*Exercise objective:*
The whole listing is to be restated word for word with no images.

+++ Given data

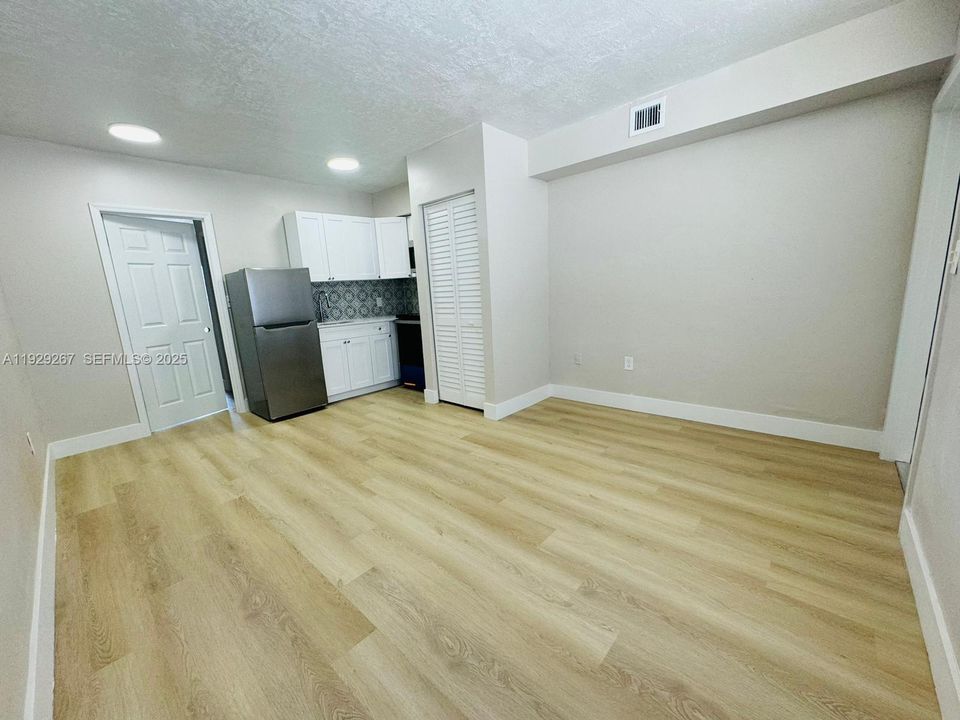 В аренду: $1,725 (1 спален, 1 ванн, 0 Квадратных фут)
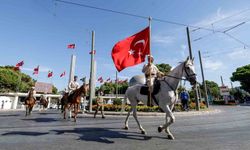 İzmir'de havada karada kurtuluş coşkusu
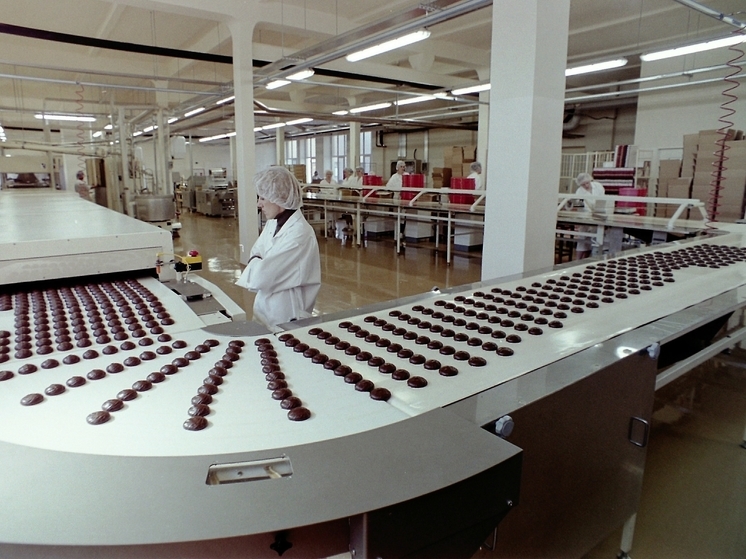 Покупатели нескольких продуктовых сетей в РФ пожаловались на отравление зефиром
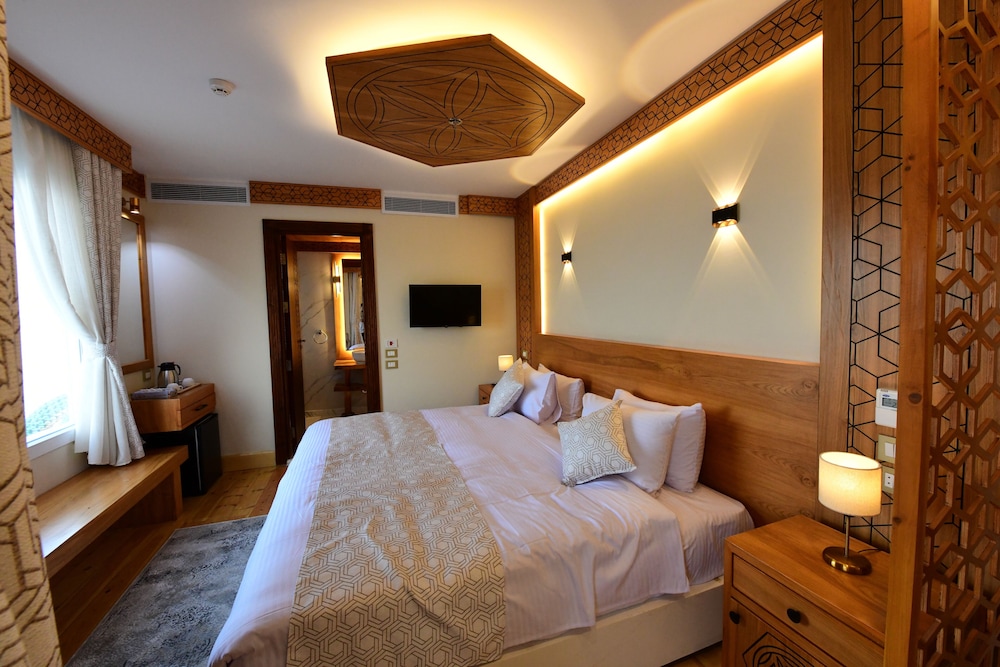 Deluxe Suite, Balcony, River View photo 3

++++++

*Answer to the exercise:*
 В аренду: $1,725 (1 спален, 1 ванн, 0 Квадратных фут)
 İzmir'de havada karada kurtuluş coşkusu
 Покупатели нескольких продуктовых сетей в РФ пожаловались на отравление зефиром
 Deluxe Suite, Balcony, River View photo 3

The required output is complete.